After a lifetime of blocked memories and isolation, ballet offered me something real; it gave me a magical structure, a Yellow Brick Road and a Great White Whale, a path to follow and something to conquer and carried me around the world.

FQ: What is the best thing in your life today?

DANE: My husband Tim who saved my life 33 years ago. Our many travels and our beautiful apartment, like an Ivory tower, a rich jewel box of soft light and art, books, and an unparallel view overlooking New York City, the city of the dreams of my youth.

The very last line of my book expresses it best: “Never wake and leave my world...I could not dream alone.”

FQ: What happened to your childhood toy, Frogathy?

DANE: When I was still a child in San Francisco, I suspect that my grandfather threw him away. I was bereaved...I took a piece of white cloth and some of my mother’s embroidery thread and, in simple stitches, sketched his colors and form. Years later, here in New York, I went down to 14th Street to the fabric stores and bought lush velvet for his mouth and fine fabric and fur for his body and beautiful buttons and I remade him. He is still with me.

FQ: What was your favorite role/dance/performance during your ballet career?

DANE: In Les Ballets Trockadero de Monte Carlo I had the opportunity to use all that I had learned, not only of the technical aspects of my art but also the traditions, as taught to me from my Russian Ballet Teachers, Dimitri and Francesca Romanoff. Their tales of the grand days of ballet, of hidden flasks in stockings and spectacular parties and arriving on trains to throngs of reporters, were woven into the fabric of my being.
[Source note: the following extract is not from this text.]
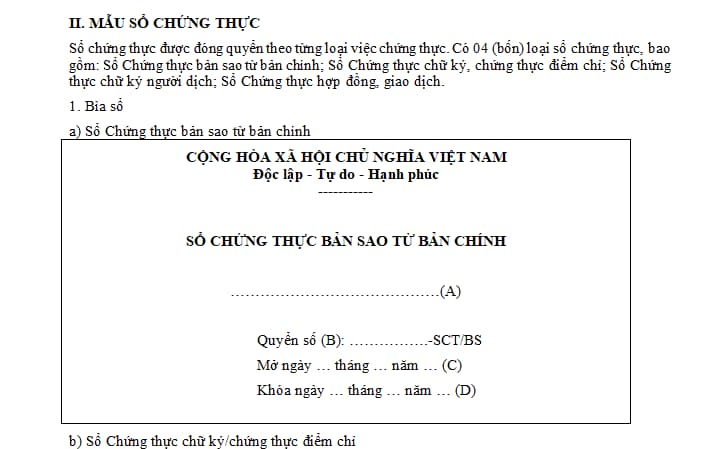 c&aacute;ch điền mẫu chứng thực - H&igrave;nh 3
With Ballet Trockadero, I was able to live out the life of true stars of the ballet, as both a male dancer called Prince Mishkin, and even more in the embodiment of a great ballerina, Dame Peggy, an alter ego, who, through me, danced the great classics. She first took me to South Africa and then around the world and finally to a star-studded New Year’s Eve gala performance at Dorothy Chandler Pavilion. She was more than I ever was, that is, the best of my ability as well as that spark that is often called “star quality.” She is very real. She is magnificent and lives within me still.
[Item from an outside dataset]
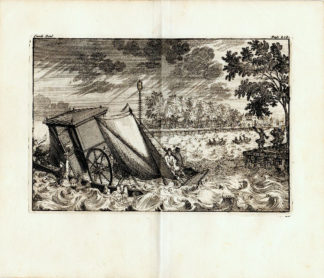The drowning of Prince Johan Willem Friso. Made by Matthys Pool. 1716.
FQ: You have been to a number of places around the world. Is there a place that holds a special spot in your heart?

DANE: Paris, of course! I first travelled there escaping the fall of the Shah’s regime, over the Turkish mountains, across the expanse of the desert, to the glittering minarets of Istanbul, then five days though Eastern Europe, from those cold grey countries into the blossoming color of the West and finally to the Gare du Nord in Paris, where I nearly died of pneumonia in the borrowed cold water flat of a male prostitute.

Paris, the city where I returned resurrected to write, record and perform my dangerous music for Aquarius Records. I was the first gay man to record and perform the music of the themes of my life for a major record company.
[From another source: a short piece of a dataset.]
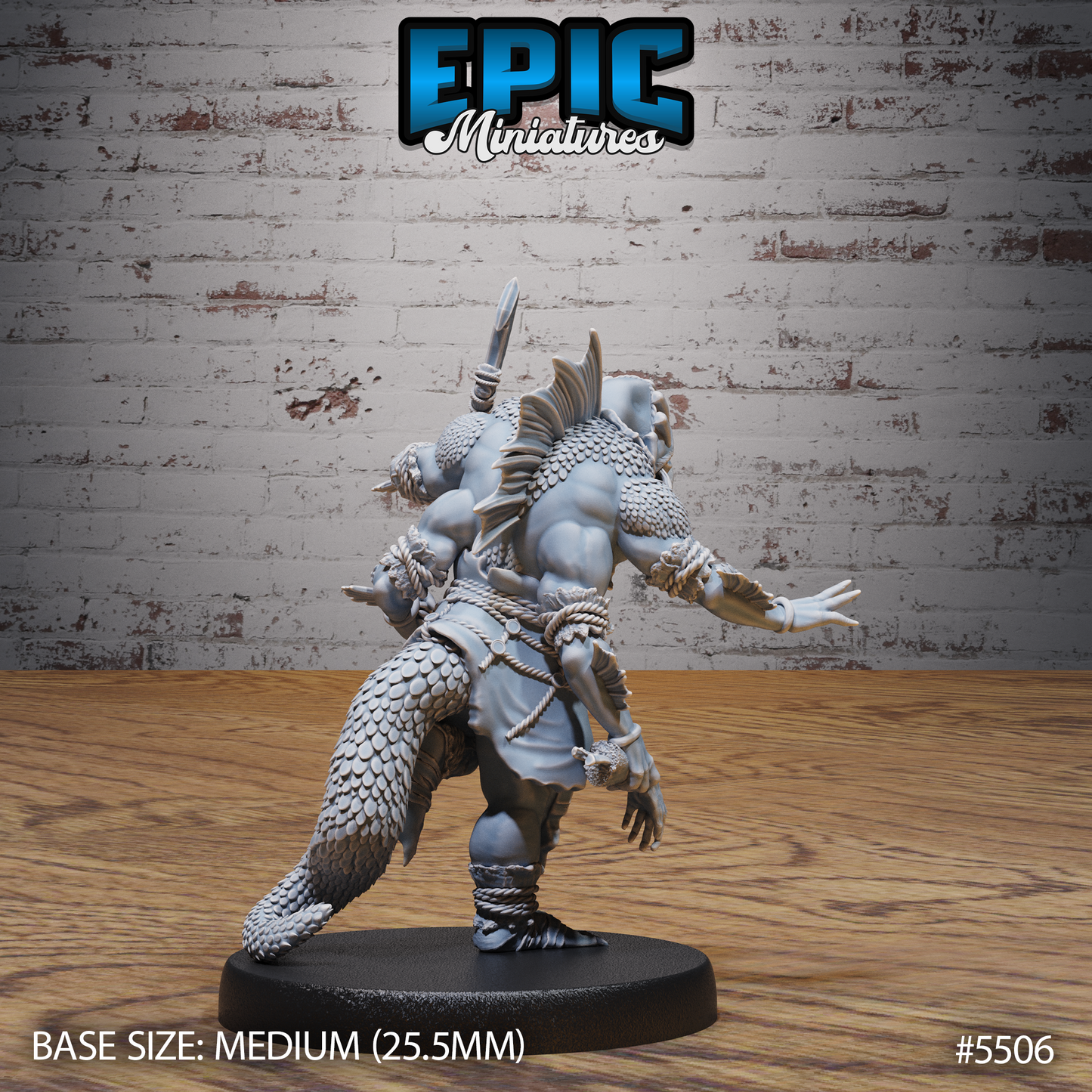 Fishfolk Vagabond (3 Variants Available) - Epic Miniatures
Paris, where for five years I lived out the second of the four incarnations of my life in concert, cabaret and on television and was honored by command performances at a Duke’s wedding on the Seine, a concert at Le Pavillon Dauphine, and a banquet for the release of my first album at Baron Lambert’s apartment.

Paris, the city we constantly visit and where we rent the same tiny apartment in the 7eme Arrondissement with the Eiffel Tower, just outside, glittering for us alone.